December 5th, 2023
Community detection is one of most prominent tasks in the analysis of complex networks such as social networks, biological networks, and the world wide web. A community is loosely defined as a group of nodes that are more densely connected to each other than to the rest of the network. These could be, for instance, interest groups, or websites on similar topics. Community detection has been receiving massive attention in networks science. The most common approach to the problem is `modularity maximization’, proposed by Girvan and Newman in 2004. In this work we present a new framework that rephrases the task of community detection as a nearest neighbor search on a high-dimensional hypersphere. This yields a new class of community detection methods, which we call the `projection methods’. A projection method consists of two steps: 1) The networks is mapped to a query vector on a high-dimensional hypersphere. 2) The query vector is projected to the set of clusterings, where each clustering, too, is a vector on the hypersphere; this projection step is done by minimizing the distance between the query vector and the clustering, over the set of all clusterings. We prove that projection methods generalize many popular community detection methods, including modularity maximization. This has many practical implications. For example, modularity maximization and many other methods suffer from the same `granularity problem’: they have some parameter that controls granularity of the obtained clustering, but no method to predict the obtained granularity from the value of this parameter. In projection methods, the granularity of the obtained clustering is close to that of the query vector. With this insight, we provide a general heuristic for choosing a query vector to address the granularity problem. Another advantage of the projection methods is that a query vector may explicitly depend on various network characteristics (edges, wedges, triangles), thus seamlessly including these in community detection.

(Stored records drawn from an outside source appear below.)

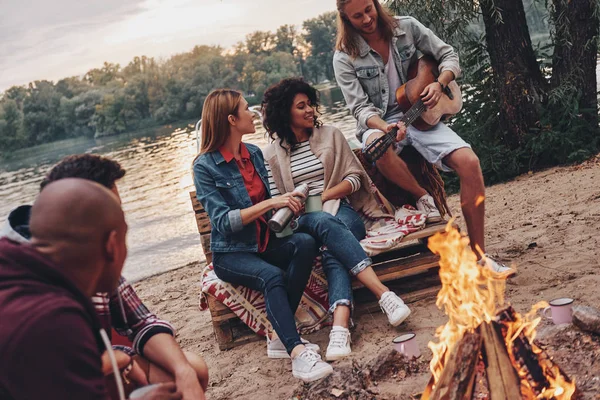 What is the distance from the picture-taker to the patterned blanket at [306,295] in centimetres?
426

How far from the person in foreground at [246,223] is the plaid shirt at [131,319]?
4.05 feet

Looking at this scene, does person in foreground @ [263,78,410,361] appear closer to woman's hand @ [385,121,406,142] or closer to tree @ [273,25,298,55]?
woman's hand @ [385,121,406,142]

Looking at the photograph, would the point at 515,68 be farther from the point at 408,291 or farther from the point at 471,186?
the point at 408,291

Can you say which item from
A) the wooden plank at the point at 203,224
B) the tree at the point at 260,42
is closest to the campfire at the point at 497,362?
the wooden plank at the point at 203,224

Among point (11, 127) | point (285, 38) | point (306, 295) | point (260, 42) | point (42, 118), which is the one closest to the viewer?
point (306, 295)

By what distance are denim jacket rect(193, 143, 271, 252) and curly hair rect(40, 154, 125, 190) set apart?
4.94 ft

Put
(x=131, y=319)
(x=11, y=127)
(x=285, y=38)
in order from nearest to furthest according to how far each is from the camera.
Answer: (x=131, y=319) < (x=11, y=127) < (x=285, y=38)

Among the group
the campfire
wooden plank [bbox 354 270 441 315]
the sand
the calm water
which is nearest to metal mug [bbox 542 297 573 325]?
the sand

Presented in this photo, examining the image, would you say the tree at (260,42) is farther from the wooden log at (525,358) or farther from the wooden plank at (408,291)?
the wooden log at (525,358)

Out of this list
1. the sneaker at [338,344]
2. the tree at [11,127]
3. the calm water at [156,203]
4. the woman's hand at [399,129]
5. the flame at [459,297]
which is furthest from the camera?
the tree at [11,127]

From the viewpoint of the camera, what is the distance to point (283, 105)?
463 centimetres

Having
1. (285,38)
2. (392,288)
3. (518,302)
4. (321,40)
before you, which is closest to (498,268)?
(518,302)

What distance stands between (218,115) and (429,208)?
168 cm

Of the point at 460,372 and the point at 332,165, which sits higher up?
the point at 332,165
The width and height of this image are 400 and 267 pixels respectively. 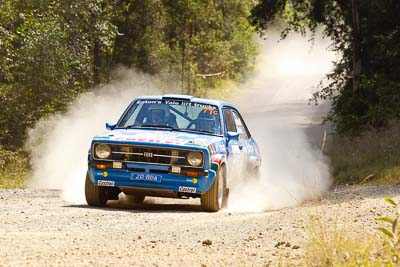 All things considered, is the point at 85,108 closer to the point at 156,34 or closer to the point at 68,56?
the point at 68,56

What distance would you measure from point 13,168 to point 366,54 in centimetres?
1103

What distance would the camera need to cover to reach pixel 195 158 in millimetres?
13094

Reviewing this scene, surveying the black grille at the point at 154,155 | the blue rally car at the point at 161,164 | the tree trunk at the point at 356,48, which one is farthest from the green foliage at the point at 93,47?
the black grille at the point at 154,155

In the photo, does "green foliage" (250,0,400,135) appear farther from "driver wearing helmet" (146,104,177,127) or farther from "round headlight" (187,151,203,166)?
"round headlight" (187,151,203,166)

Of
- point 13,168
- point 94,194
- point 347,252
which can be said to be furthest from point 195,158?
point 13,168

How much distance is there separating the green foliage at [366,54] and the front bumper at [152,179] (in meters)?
13.3

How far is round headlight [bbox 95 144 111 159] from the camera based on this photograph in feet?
43.3

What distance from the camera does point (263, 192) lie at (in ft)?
53.8

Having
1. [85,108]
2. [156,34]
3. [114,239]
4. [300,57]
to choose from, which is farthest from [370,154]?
[300,57]

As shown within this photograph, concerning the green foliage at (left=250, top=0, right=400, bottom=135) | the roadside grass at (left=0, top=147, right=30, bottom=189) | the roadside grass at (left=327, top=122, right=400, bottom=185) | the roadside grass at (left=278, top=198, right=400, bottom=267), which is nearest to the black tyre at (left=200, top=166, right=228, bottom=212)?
the roadside grass at (left=278, top=198, right=400, bottom=267)

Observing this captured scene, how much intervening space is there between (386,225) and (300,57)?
75.6 meters

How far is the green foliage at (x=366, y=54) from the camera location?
2622cm

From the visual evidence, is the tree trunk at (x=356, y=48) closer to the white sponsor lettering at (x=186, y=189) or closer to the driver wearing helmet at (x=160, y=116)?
the driver wearing helmet at (x=160, y=116)

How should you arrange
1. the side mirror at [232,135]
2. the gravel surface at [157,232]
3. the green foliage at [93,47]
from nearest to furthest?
the gravel surface at [157,232] < the side mirror at [232,135] < the green foliage at [93,47]
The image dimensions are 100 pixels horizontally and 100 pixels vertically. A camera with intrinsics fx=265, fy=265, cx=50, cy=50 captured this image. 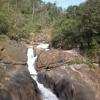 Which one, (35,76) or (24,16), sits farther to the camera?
(24,16)

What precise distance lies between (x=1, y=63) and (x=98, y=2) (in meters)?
10.9

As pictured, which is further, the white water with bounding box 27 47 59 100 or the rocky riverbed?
the white water with bounding box 27 47 59 100

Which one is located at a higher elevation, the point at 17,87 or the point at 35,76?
the point at 17,87

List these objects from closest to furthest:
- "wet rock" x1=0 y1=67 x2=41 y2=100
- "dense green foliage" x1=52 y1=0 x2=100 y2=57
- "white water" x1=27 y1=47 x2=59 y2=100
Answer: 1. "wet rock" x1=0 y1=67 x2=41 y2=100
2. "white water" x1=27 y1=47 x2=59 y2=100
3. "dense green foliage" x1=52 y1=0 x2=100 y2=57

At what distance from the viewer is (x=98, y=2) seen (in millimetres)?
25000

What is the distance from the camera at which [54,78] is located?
64.5 feet

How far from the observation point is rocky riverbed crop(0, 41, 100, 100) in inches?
667

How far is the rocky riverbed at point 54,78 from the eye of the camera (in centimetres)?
1694

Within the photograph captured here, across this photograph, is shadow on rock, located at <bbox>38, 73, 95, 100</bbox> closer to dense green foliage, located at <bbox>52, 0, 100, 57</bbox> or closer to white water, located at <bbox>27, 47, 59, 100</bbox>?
white water, located at <bbox>27, 47, 59, 100</bbox>

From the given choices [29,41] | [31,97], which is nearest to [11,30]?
[29,41]

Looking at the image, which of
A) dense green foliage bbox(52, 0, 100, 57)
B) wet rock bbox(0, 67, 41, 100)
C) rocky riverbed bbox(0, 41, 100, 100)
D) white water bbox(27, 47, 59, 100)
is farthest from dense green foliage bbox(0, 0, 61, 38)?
wet rock bbox(0, 67, 41, 100)

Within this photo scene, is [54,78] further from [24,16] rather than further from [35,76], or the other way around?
[24,16]

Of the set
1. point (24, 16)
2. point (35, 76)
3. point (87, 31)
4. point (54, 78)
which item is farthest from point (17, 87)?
point (24, 16)

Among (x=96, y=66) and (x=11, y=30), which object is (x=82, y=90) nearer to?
(x=96, y=66) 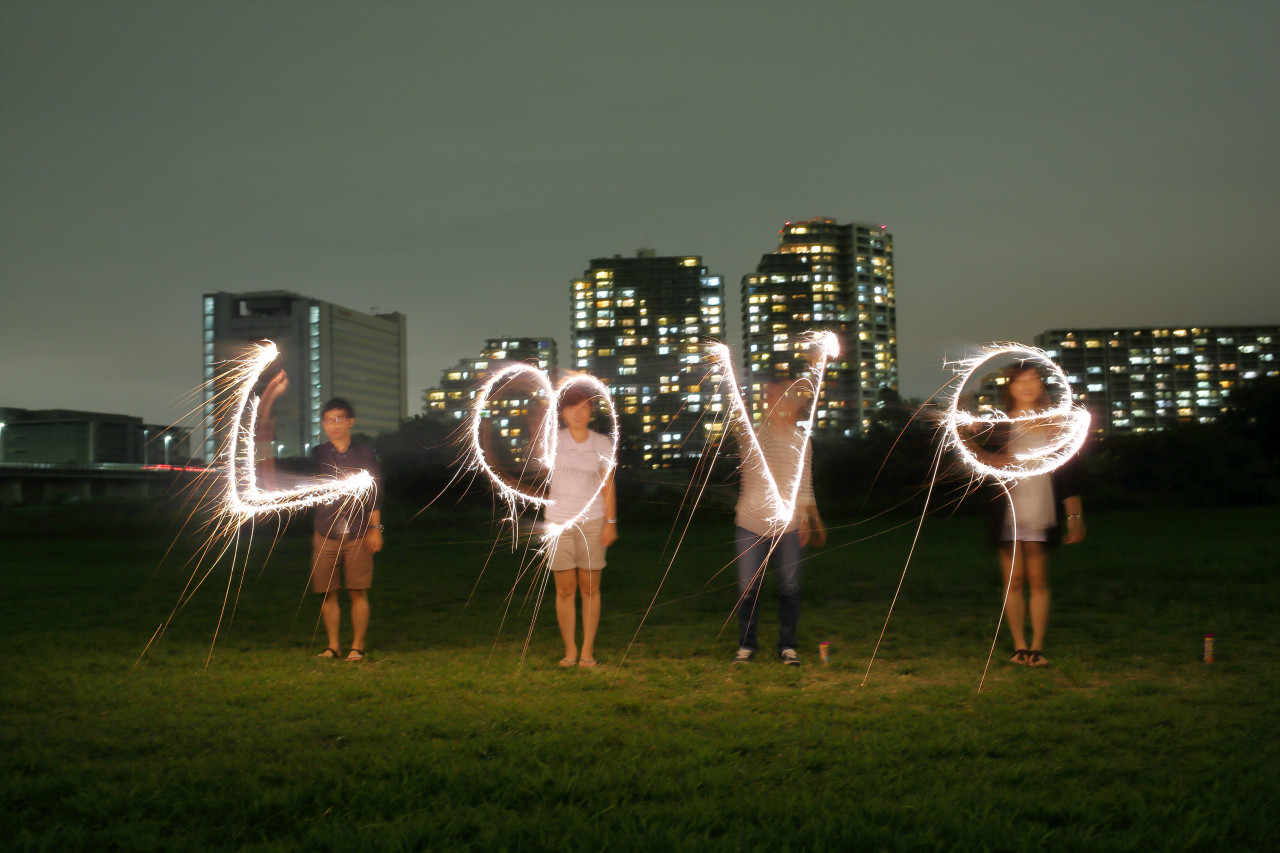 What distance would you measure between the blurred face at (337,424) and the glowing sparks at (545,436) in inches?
35.5

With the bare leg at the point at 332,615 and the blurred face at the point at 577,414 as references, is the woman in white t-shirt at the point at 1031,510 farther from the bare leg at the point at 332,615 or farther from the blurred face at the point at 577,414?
the bare leg at the point at 332,615

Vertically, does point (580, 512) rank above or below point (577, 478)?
below

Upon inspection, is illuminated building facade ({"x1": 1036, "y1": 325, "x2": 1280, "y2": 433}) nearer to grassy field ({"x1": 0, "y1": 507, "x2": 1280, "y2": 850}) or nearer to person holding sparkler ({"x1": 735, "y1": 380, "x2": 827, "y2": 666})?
grassy field ({"x1": 0, "y1": 507, "x2": 1280, "y2": 850})

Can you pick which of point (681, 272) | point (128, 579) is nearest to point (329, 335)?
point (681, 272)

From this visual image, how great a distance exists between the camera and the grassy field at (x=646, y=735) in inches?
129

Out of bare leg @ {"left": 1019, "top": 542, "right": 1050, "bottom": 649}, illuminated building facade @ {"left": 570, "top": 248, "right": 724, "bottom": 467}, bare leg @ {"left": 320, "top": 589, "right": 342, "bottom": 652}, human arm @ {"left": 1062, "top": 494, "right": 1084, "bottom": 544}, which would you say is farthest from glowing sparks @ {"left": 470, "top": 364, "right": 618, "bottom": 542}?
human arm @ {"left": 1062, "top": 494, "right": 1084, "bottom": 544}

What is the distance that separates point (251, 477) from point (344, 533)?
2.59ft

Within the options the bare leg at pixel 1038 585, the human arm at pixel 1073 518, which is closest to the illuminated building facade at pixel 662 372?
the bare leg at pixel 1038 585

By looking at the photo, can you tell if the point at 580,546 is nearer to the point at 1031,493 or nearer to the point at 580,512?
the point at 580,512

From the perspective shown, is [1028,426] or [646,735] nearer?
[646,735]

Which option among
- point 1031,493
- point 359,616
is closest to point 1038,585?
point 1031,493

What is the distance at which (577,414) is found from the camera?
245 inches

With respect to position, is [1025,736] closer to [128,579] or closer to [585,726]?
[585,726]

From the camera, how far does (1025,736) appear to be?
4.32m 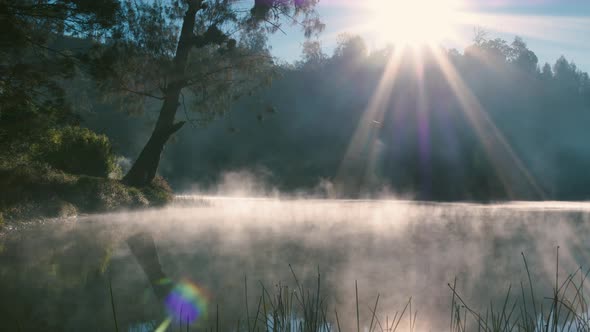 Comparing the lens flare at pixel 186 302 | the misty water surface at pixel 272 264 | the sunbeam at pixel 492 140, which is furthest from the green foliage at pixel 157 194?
the sunbeam at pixel 492 140

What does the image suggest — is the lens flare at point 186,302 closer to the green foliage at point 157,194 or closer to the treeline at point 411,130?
the green foliage at point 157,194

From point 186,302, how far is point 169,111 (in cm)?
2051

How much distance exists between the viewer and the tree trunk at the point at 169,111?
78.7 ft

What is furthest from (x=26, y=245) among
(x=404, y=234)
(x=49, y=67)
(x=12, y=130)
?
(x=404, y=234)

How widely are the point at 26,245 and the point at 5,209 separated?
3.47 meters

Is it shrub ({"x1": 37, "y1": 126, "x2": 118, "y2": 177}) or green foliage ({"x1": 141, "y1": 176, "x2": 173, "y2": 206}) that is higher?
shrub ({"x1": 37, "y1": 126, "x2": 118, "y2": 177})

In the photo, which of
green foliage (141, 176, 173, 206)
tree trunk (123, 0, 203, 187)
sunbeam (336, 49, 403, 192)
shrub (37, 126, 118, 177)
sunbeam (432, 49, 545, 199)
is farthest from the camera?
sunbeam (336, 49, 403, 192)

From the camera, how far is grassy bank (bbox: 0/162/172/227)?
527 inches

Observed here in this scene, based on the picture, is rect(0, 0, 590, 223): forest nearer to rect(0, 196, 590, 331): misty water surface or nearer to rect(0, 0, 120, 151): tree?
rect(0, 0, 120, 151): tree

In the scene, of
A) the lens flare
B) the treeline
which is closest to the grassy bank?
the lens flare

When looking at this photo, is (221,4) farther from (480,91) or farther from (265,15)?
(480,91)

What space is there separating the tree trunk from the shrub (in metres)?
1.42

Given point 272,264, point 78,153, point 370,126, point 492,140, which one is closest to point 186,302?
point 272,264

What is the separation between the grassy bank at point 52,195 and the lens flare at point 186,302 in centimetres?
734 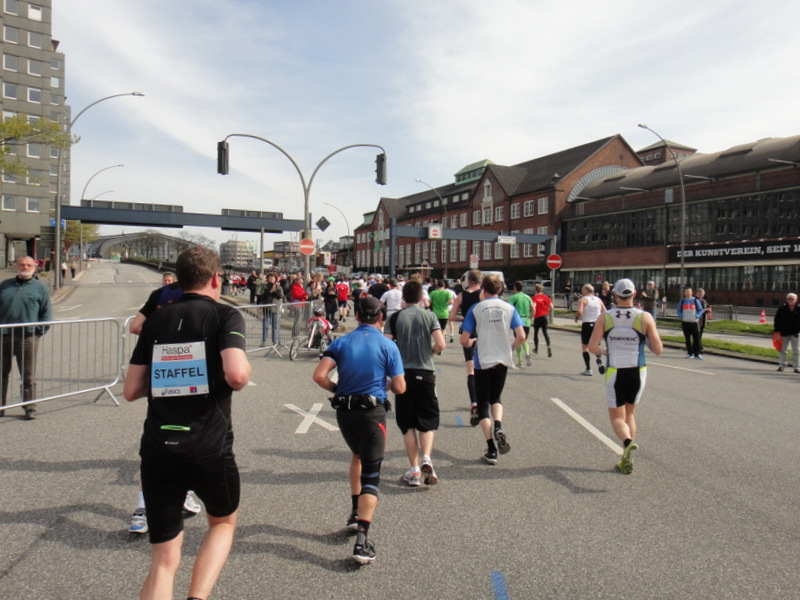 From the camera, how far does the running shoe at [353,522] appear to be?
159 inches

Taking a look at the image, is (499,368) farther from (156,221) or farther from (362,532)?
(156,221)

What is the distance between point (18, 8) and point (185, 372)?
76280 millimetres

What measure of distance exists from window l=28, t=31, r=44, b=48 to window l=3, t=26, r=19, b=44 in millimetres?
1155

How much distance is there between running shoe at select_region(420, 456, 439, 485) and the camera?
505 cm

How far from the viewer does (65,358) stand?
11094 millimetres

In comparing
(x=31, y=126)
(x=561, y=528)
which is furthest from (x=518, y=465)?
(x=31, y=126)

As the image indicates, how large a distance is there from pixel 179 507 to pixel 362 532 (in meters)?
1.32

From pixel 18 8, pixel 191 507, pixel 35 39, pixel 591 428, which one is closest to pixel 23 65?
pixel 35 39

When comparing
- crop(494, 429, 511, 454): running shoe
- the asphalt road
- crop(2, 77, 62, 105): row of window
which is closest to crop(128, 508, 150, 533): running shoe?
the asphalt road

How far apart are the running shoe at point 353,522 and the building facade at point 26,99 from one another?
2508 inches

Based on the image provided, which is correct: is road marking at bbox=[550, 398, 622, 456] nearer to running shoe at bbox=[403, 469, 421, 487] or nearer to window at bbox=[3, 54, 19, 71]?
running shoe at bbox=[403, 469, 421, 487]

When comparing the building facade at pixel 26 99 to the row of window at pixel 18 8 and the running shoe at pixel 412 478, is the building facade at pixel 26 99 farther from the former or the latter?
the running shoe at pixel 412 478

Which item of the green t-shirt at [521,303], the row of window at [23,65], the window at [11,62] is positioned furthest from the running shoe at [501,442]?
the window at [11,62]

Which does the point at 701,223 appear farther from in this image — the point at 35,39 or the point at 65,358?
the point at 35,39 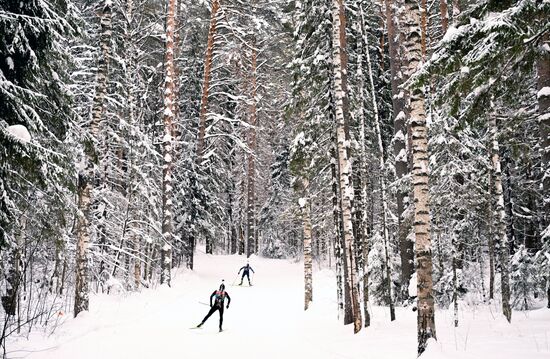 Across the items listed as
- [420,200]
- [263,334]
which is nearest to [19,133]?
[420,200]

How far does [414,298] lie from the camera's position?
12.6m

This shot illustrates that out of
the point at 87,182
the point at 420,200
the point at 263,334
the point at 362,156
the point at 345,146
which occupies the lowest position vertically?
the point at 263,334

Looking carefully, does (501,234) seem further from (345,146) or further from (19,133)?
(19,133)

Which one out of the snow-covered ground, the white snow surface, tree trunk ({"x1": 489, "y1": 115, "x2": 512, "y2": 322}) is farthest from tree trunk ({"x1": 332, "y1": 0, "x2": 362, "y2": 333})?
the white snow surface

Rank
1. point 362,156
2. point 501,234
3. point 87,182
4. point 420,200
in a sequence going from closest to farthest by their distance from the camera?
1. point 420,200
2. point 501,234
3. point 87,182
4. point 362,156

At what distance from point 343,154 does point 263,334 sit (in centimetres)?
526

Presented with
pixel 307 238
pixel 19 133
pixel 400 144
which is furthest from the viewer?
pixel 307 238

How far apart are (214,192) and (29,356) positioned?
81.0ft

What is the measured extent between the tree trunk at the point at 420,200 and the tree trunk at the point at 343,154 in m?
3.44

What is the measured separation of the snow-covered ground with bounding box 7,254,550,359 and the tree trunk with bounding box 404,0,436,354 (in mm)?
421

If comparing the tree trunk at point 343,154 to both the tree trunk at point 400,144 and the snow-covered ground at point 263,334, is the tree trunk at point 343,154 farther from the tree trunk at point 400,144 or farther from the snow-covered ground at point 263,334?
the tree trunk at point 400,144

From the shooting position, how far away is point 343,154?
429 inches

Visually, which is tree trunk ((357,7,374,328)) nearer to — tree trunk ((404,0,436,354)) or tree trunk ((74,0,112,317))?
tree trunk ((404,0,436,354))

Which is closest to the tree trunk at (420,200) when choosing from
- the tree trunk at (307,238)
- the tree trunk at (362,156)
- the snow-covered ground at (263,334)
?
the snow-covered ground at (263,334) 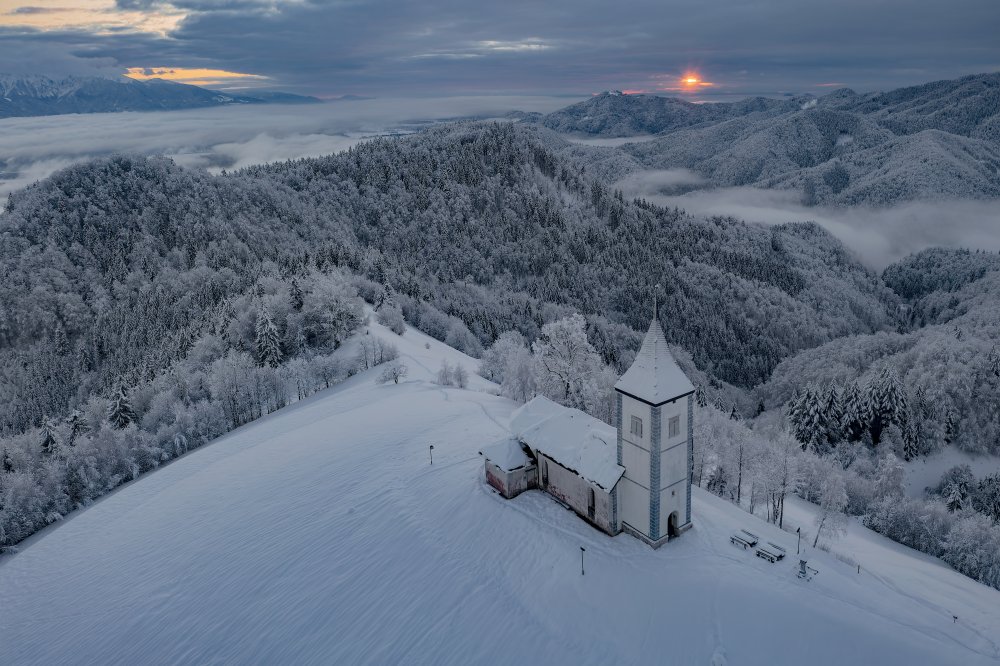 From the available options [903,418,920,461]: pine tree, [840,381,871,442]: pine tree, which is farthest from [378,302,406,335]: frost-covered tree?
[903,418,920,461]: pine tree

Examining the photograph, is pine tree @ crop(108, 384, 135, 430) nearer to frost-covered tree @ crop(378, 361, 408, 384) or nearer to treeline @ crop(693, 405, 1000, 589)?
frost-covered tree @ crop(378, 361, 408, 384)

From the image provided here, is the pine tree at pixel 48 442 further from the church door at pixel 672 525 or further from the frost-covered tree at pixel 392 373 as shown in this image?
the church door at pixel 672 525

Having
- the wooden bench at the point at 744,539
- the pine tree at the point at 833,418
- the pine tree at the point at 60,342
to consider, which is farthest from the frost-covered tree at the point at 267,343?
the pine tree at the point at 833,418

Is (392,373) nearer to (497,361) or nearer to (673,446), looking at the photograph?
(497,361)

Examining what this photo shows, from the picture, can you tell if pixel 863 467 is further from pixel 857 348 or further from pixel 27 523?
pixel 27 523

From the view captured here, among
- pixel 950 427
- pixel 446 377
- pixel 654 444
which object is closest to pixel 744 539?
pixel 654 444

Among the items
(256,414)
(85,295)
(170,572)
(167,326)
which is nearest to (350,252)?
(167,326) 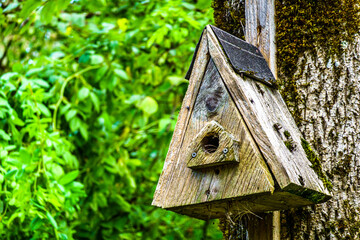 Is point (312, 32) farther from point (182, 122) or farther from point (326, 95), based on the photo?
point (182, 122)

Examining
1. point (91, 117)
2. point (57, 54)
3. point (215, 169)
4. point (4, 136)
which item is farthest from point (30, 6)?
point (57, 54)

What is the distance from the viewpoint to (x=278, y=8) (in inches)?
74.3

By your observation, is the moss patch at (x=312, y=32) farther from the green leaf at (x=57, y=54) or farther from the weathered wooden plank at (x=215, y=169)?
the green leaf at (x=57, y=54)

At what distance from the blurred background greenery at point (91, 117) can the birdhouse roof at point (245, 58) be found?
81 centimetres

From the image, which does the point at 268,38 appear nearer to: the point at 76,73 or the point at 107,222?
the point at 76,73

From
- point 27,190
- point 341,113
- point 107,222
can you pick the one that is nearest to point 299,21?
point 341,113

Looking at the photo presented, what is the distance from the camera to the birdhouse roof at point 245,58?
1648 millimetres

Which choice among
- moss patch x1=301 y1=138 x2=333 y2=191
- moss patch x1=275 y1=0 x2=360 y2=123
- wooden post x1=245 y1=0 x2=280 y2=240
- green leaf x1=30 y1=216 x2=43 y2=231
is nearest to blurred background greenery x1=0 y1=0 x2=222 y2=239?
green leaf x1=30 y1=216 x2=43 y2=231

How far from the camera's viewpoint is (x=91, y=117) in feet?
12.2

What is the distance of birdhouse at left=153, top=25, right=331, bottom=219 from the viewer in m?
1.43

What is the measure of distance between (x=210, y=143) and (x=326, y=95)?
1.71 feet

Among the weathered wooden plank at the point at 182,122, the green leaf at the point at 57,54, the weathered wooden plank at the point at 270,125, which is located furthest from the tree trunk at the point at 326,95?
the green leaf at the point at 57,54

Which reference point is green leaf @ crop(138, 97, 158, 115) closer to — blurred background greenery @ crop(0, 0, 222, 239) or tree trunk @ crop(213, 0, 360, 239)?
blurred background greenery @ crop(0, 0, 222, 239)

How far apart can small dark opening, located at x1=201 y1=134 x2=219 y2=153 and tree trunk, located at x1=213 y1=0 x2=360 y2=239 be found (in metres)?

Bio: Nelly Litvak received her MSc from the Lobachevsky University of Nizhny Novgorod, Russia, in 1995 and her PhD from Eindhoven University of Technology in 2002. She joined the University of Twente as assistant professor in 2002, where she became full professor in 2018. From September 2023, she is a full professor at Eindhoven University of Technology. Nelly’s background is in applied probability and stochastic operations research. Currently her main research interest is in random graphs, complex networks, and algorithms for complex networks, such as social networks, and the world wide web. Applications include web ranking, community detection, prediction of changes in the world wide web, and prediction of spreading of infections such as COVID-19. The main goal of this research is to explain structures and processes in real-world networks, using the mathematical theory of stochastic processes, random graphs, randomized algorithms, and machine learning. She is a recipient of several grants and awards including Stieltjes Prize for the best PhD thesis in Mathematics, and the Google Faculty Research Award. Nelly serves or has served on the editorial boards of Internet Mathematics, Queueing Systems, Stochastic Processes and their Applications and Frontiers in Complex Systems. Besides her research, Nelly is passionate about novel education, and popularization of mathematics. She wrote several non-fiction books for general public about mathematics and education.